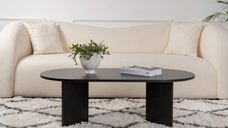 Masuta de cafea, Hanah Home, pal melaminat, lemn negru, 119x60x40 cm
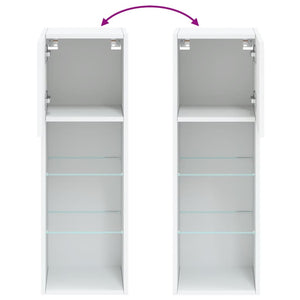 Έπιπλα Τηλεόρασης με LED 2 τεμ. Λευκά 30,5x30x90 εκ. - Pakobazaar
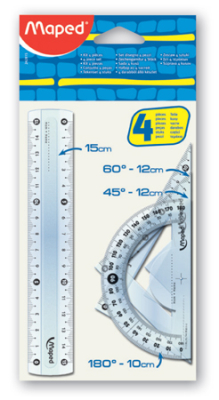 Чертежный набор Maped 'Start' линейка 15см угольники 30°/11см 45°/8см транспортир 180°/10см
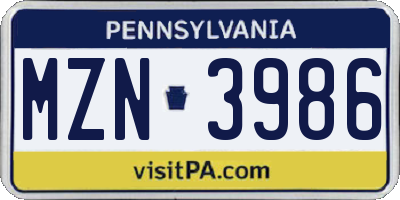 PA license plate MZN3986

==============================

▶ [What you need to do]: In repeating the lines above, keep the wording exact and leave every picture out.

▶ [Reply to the task]:
 Masuta de cafea, Hanah Home, pal melaminat, lemn negru, 119x60x40 cm
 Έπιπλα Τηλεόρασης με LED 2 τεμ. Λευκά 30,5x30x90 εκ. - Pakobazaar
 Чертежный набор Maped 'Start' линейка 15см угольники 30°/11см 45°/8см транспортир 180°/10см
 PA license plate MZN3986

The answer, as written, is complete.